By   2011-5-30 16:06:44

WELLINGTON (Xinhua) – New Zealand's wine industry must mount a united effort if it is to crack the Chinese market, an Australian consultant has told wine exporters.

Frank Gibson, an adviser to businesses entering China, told an Auckland workshop that New Zealand wine had enormous prospects, but was handicapped by a fragmented industry with many small players, the BusinessDay website reported Monday.

"This is one of the areas where you really could get some big numbers and where there's huge opportunity in my view," he said, according to the report.

Gibson said Chinese consumers only really began drinking wine 10 years ago and the market needed to be educated.

"The domestic grape wine industry has grown steadily from about 200 million liters in 2000 to ... about a billion liters today," he reportedly said.

Chinese wine commanded 90 percent of the wine market, and the other 10 percent was imported bottled wine, which accounted for a fifth of the market's value.

However, when young Chinese splashed out on imported wine it was generally French or Australian, because Australia had mounted a big campaign there, he said.

Gbson said Chinese enjoyed New Zealand white wines in blind tastings, but marketing wine categories was just as important as marketing brands.

"Nobody has told them that people in New York and London and Tokyo and Paris drink great New Zealand wines ... No-one has told them the New Zealand wine story.

"The big problem the New Zealand wine industry has got is 90 percent of your wineries produce less than 200,000 liters.

"So who is going to go there and tell the story ... and should any one wine company have that responsibility, when telling the category story is just as important as the brand story.

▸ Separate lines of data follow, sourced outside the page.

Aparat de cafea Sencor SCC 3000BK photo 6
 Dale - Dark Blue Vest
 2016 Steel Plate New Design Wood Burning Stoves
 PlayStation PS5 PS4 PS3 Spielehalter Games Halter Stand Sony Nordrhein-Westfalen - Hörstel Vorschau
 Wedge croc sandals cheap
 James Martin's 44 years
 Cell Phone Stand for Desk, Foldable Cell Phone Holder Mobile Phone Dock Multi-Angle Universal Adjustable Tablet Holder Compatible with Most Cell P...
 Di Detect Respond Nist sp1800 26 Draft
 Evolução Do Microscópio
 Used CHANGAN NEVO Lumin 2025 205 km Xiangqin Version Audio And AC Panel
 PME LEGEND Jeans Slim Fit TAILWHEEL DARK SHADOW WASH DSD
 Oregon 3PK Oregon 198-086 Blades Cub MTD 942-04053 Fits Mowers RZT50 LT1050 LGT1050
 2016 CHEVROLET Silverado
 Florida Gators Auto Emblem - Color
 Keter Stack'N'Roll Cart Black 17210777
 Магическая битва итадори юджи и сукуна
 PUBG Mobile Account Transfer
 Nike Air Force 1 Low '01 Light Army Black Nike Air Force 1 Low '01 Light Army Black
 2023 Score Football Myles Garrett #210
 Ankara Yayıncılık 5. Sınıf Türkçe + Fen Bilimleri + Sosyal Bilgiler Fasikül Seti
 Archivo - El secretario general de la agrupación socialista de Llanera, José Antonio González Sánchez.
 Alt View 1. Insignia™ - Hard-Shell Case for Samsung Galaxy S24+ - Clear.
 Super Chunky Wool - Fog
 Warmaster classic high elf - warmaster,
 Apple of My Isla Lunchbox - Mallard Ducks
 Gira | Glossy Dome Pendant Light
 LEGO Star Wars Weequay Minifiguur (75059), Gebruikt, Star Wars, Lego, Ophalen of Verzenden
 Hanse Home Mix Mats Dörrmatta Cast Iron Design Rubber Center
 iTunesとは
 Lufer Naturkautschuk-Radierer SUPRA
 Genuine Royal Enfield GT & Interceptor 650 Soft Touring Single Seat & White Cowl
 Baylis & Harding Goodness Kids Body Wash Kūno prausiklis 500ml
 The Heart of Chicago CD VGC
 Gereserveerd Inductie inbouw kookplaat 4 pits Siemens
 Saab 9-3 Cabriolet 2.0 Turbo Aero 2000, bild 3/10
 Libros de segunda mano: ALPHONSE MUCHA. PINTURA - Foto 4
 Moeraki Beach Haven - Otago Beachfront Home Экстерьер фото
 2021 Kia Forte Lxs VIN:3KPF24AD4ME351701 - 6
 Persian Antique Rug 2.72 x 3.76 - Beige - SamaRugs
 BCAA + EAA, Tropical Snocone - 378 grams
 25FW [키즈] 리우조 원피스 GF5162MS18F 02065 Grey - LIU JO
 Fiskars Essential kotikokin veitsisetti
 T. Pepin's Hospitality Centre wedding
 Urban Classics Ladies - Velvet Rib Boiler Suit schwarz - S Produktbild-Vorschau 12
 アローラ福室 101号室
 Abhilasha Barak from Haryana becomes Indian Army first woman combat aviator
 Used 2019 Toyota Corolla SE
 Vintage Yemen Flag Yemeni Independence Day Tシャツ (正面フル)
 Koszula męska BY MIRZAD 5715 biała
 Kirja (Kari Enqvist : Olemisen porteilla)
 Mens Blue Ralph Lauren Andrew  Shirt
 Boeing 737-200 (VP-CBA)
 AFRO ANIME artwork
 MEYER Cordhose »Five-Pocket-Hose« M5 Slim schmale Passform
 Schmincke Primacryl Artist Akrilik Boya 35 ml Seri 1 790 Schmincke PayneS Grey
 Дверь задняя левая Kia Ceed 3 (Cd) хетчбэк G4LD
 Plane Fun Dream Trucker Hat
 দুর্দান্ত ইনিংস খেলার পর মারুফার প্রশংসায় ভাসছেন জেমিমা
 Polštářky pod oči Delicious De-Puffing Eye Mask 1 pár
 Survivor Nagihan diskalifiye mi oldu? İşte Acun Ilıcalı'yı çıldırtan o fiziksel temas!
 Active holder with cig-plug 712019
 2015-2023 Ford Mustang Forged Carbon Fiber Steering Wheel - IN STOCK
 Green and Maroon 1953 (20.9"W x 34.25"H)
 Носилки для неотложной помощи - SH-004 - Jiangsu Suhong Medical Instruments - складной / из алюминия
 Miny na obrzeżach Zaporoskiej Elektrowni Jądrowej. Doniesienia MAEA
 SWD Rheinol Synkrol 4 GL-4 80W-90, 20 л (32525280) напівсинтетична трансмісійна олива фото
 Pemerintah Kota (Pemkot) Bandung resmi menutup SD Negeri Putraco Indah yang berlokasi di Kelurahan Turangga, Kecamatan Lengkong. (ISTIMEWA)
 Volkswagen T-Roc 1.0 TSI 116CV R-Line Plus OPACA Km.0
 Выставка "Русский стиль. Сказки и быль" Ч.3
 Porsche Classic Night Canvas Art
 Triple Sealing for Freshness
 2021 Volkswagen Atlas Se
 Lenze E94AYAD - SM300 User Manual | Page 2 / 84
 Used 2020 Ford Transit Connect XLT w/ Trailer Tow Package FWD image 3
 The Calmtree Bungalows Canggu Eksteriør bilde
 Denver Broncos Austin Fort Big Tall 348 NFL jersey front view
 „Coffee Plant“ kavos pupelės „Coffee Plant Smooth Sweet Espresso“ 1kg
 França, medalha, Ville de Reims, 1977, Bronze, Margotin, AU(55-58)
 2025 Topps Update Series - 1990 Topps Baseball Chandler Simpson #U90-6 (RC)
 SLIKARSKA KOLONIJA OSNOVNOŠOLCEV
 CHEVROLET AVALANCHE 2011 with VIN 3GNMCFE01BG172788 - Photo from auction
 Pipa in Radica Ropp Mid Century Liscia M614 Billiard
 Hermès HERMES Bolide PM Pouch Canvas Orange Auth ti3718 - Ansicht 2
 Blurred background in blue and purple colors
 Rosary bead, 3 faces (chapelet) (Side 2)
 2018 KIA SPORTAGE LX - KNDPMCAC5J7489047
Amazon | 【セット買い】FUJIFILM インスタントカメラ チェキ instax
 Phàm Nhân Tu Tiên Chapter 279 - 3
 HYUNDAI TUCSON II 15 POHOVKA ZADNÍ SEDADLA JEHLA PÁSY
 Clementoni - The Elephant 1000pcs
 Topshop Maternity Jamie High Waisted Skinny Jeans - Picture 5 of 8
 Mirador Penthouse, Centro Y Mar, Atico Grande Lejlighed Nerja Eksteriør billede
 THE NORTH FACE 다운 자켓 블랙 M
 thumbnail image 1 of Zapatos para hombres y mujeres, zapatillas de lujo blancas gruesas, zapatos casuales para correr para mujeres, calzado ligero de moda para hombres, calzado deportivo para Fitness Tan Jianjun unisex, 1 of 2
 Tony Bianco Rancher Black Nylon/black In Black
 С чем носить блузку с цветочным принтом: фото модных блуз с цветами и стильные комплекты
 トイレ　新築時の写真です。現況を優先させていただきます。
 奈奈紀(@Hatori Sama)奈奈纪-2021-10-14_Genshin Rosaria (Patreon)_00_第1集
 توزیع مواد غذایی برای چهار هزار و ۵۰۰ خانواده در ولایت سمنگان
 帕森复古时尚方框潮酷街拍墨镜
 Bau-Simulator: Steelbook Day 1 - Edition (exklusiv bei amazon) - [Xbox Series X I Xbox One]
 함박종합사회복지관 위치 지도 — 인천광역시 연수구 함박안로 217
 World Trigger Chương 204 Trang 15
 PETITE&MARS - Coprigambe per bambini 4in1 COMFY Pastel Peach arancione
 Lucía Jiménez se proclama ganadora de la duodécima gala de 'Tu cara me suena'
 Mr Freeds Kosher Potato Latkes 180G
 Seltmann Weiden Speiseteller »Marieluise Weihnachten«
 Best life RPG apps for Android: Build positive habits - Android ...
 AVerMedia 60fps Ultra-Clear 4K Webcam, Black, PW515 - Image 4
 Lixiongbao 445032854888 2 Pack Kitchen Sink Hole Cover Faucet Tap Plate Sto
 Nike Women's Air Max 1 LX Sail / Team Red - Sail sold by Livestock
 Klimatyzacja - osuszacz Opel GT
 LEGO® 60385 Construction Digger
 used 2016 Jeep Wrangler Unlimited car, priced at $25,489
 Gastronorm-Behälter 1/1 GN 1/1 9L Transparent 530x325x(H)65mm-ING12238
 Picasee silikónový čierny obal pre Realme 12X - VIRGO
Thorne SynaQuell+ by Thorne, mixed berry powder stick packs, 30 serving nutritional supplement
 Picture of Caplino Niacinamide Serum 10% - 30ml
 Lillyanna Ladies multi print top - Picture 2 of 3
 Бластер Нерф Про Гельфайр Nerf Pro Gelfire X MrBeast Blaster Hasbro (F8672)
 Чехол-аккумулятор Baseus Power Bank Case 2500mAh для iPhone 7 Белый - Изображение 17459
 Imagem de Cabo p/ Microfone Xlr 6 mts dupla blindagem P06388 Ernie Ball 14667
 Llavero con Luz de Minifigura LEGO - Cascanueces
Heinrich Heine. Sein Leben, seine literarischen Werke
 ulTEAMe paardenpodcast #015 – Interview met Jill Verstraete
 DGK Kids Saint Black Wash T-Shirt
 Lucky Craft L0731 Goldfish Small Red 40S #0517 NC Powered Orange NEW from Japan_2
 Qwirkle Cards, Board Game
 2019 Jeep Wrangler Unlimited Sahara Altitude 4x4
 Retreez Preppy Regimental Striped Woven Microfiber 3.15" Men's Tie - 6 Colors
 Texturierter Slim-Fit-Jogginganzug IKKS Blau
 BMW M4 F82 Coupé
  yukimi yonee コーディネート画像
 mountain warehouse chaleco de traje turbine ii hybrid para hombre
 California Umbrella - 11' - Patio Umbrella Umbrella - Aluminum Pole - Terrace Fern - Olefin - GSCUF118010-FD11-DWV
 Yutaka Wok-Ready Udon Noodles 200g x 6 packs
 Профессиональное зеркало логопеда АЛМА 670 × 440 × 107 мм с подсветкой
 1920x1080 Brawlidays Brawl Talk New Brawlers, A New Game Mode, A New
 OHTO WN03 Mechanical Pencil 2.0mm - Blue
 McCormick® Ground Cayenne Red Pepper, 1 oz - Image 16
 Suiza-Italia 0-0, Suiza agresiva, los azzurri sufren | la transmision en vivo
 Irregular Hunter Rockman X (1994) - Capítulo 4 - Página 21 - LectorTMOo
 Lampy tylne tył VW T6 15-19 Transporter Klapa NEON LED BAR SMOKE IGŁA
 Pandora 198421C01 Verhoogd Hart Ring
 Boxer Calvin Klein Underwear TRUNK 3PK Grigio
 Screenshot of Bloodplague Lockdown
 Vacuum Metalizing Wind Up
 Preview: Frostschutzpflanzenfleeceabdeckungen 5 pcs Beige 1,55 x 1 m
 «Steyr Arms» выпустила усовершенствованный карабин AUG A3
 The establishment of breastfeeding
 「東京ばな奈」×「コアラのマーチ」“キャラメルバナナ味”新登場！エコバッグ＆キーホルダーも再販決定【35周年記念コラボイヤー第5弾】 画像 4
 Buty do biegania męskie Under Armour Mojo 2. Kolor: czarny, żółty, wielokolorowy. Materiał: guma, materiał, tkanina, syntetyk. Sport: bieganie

"So there's a crying out need here for collaboration in the industry."

Gibson, a member of the New Zealand Trade and Enterprise (NZTE) Beachheads program, said NZTE had a big team working on a wine strategy and its biggest challenge might be working with such a fragmented industry.

His advice to would-be wine and food exporters was to band together with others of similar size.

"The more leverage you have going into China, the more effective you're likely to be and the more choices you're likely to have. Doing it on your own is very, very tough and anybody with less than a million cases I think is going to find it very, very hard."